◆ **LISTED ENTRIES**:
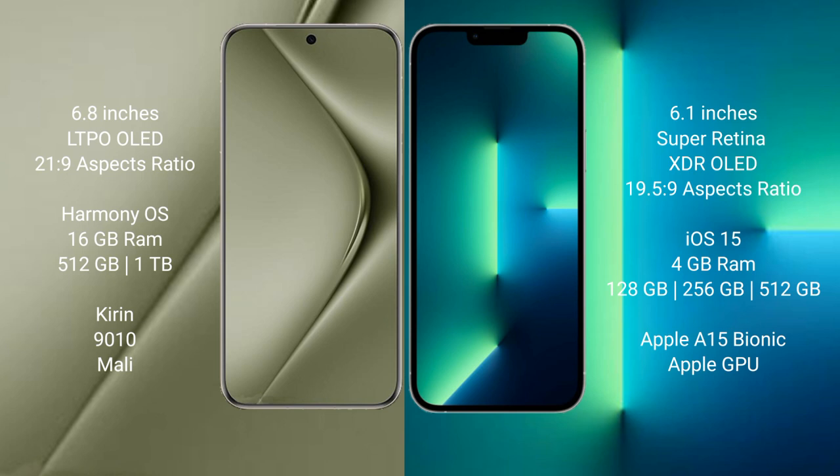Huawei Pura 70 Ultra runs on the HarmonyOS operating system. iPhone 13 runs on the iOS 15 operating system.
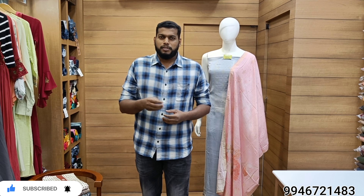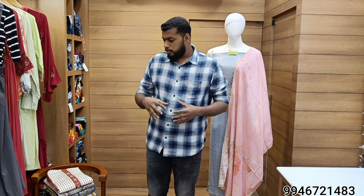Hi friends, I am going to talk about Adi Fashions in the first episode. We are going to make a little bit of material — a cotton type, and a botic style model.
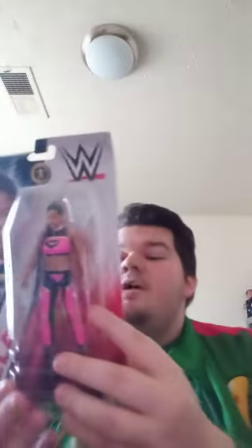So we got the EST of WWE, Bianca Belair, from Basic Series 141. Got her in my collection now. I really need LA Knight. But anyway, let's go ahead and get it out of the box and do the review, shall we?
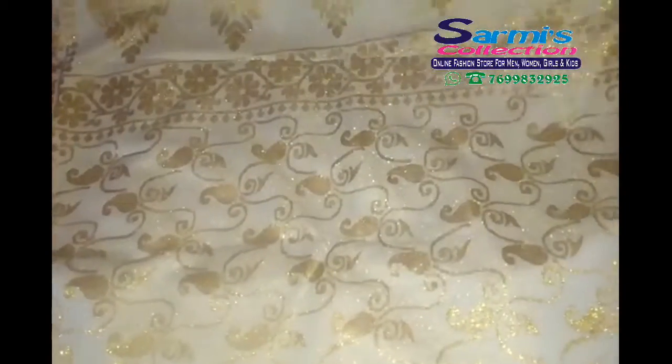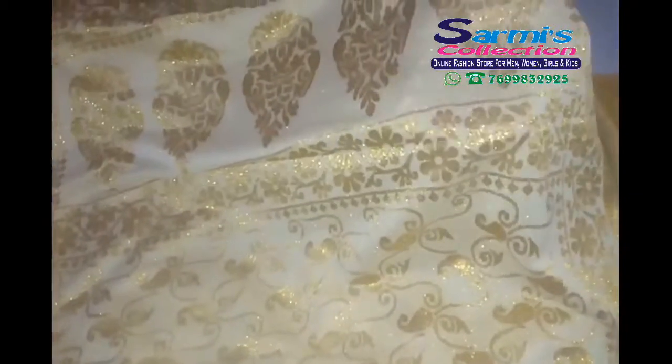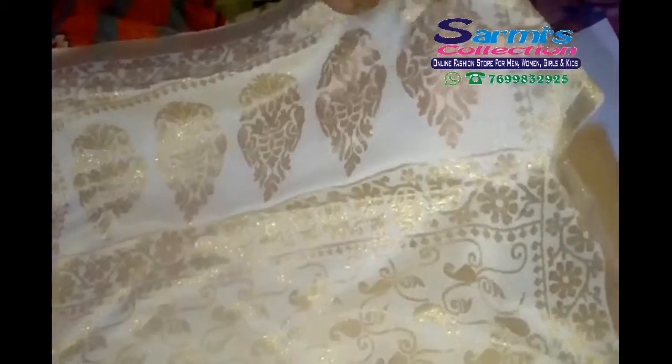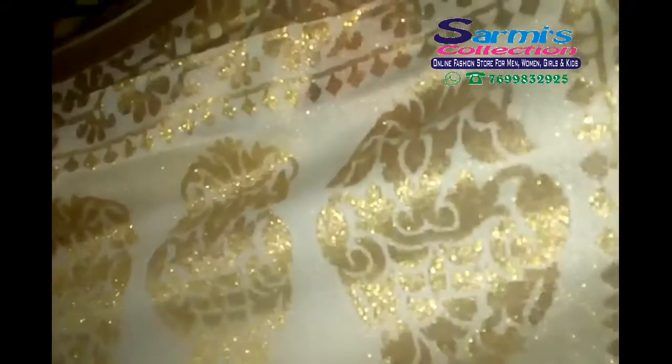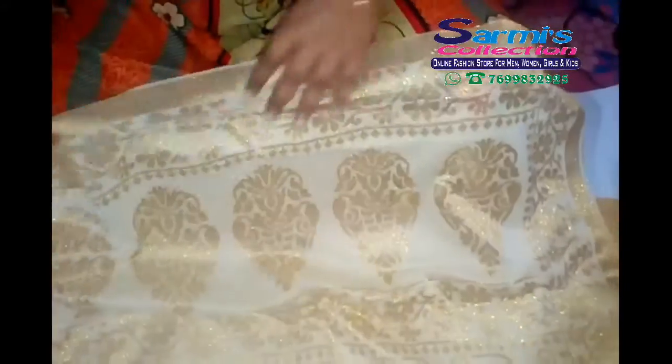This is going to be too long. This is going to be a fabric — this is going to be the same.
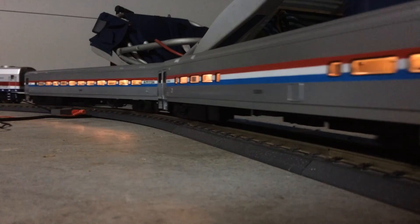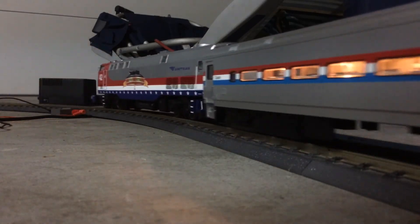Oh yeah, also that's a thing — the headlights go off because I didn't wire them right.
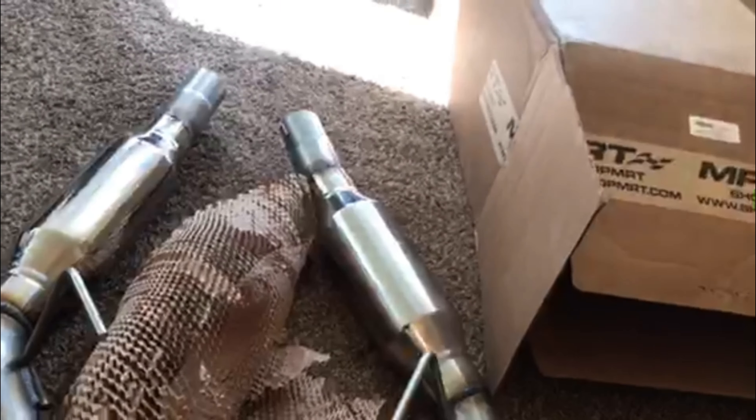It came packed pretty well. It had one piece in one corner of the box, then a piece of cardboard running diagonally splitting between the two, and then the other one wrapped up the same way on the other corner. It also came with this extra box right here which has the clamps.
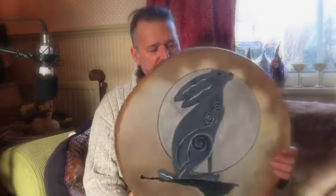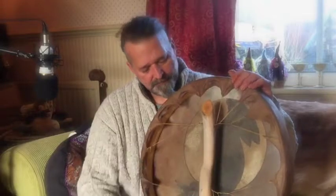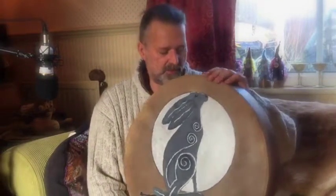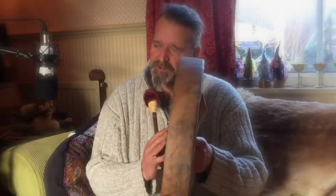This is a wild boar skin drum on an ash frame, and it has a willow handle. As you can see, it has the hair and the moon artwork on there as well. There will be a link for the Etsy shop listing for this drum. For today, I want to give you a little demonstration of the sound.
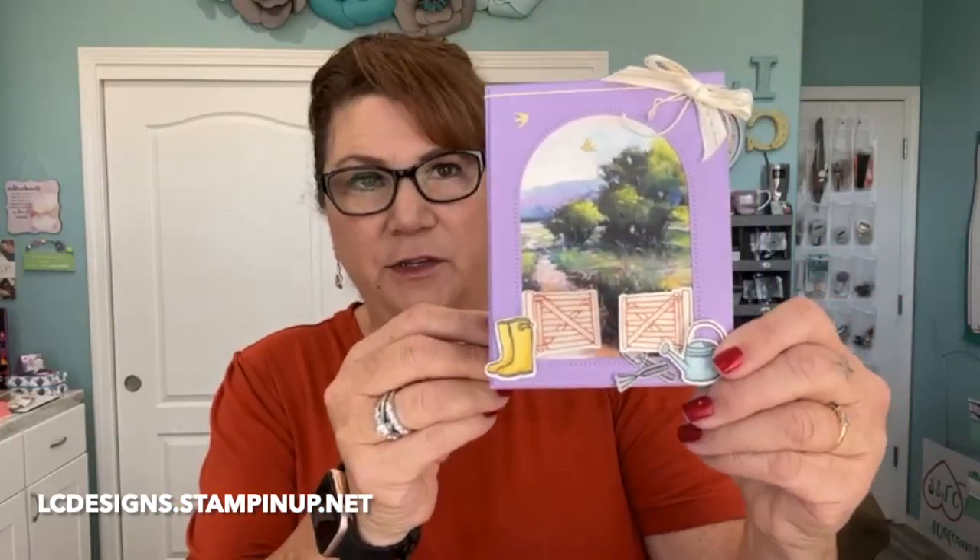Let me show you the card. So this is the card, and this card was really super easy to make. I will show you just using all the fun little things. Share my video, and this week you'll be entered into a package of cards.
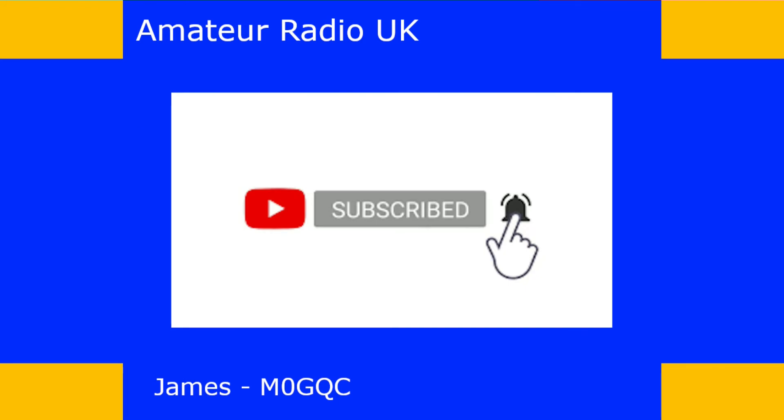Thank you for watching. If you like what I do, please click the thumbs up button — it lets me know I'm heading in the right direction and gives me the confidence to keep going. Don't forget to click subscribe and the bell button to be notified when I upload new content. If you don't like what I'm doing, feel free to click thumbs down and tell me why in the comments below — I welcome feedback and constructive criticism. Take care and I hope to catch you in the next video.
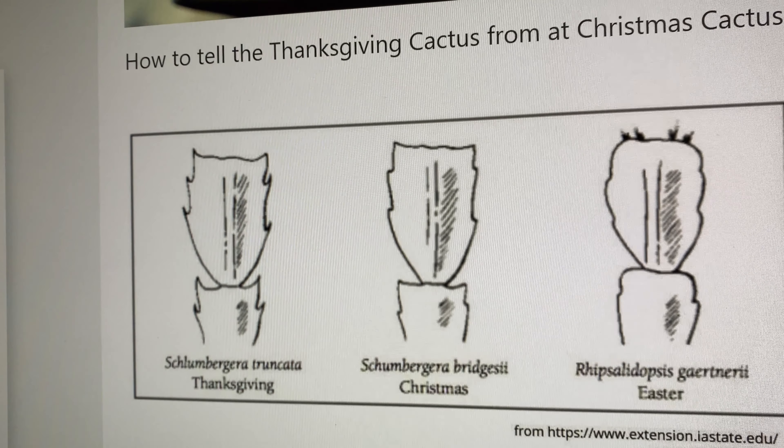This time of year, I am finding many Thanksgiving cactus with tags saying that they are a Christmas cactus. There are two different plants, believe it or not. According to an article I read from the University of Vermont, you can tell the Thanksgiving cactus apart from the Christmas cactus by the shape of its leaves. The leaf segments are serrated or toothy on the former, as compared to the more rounded leaf margin of the Christmas cactus.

◆ **WORK TASK**: Each line from the one bearing "This is a wild" through the final line of the records is to be copied exactly, and no pictures are to be included.

◆ **PROBLEM SOLUTION**:
This is a wild boar skin drum on an ash frame, and it has a willow handle. As you can see, it has the hair and the moon artwork on there as well. There will be a link for the Etsy shop listing for this drum. For today, I want to give you a little demonstration of the sound.
Let me show you the card. So this is the card, and this card was really super easy to make. I will show you just using all the fun little things. Share my video, and this week you'll be entered into a package of cards.
Thank you for watching. If you like what I do, please click the thumbs up button — it lets me know I'm heading in the right direction and gives me the confidence to keep going. Don't forget to click subscribe and the bell button to be notified when I upload new content. If you don't like what I'm doing, feel free to click thumbs down and tell me why in the comments below — I welcome feedback and constructive criticism. Take care and I hope to catch you in the next video.
This time of year, I am finding many Thanksgiving cactus with tags saying that they are a Christmas cactus. There are two different plants, believe it or not. According to an article I read from the University of Vermont, you can tell the Thanksgiving cactus apart from the Christmas cactus by the shape of its leaves. The leaf segments are serrated or toothy on the former, as compared to the more rounded leaf margin of the Christmas cactus.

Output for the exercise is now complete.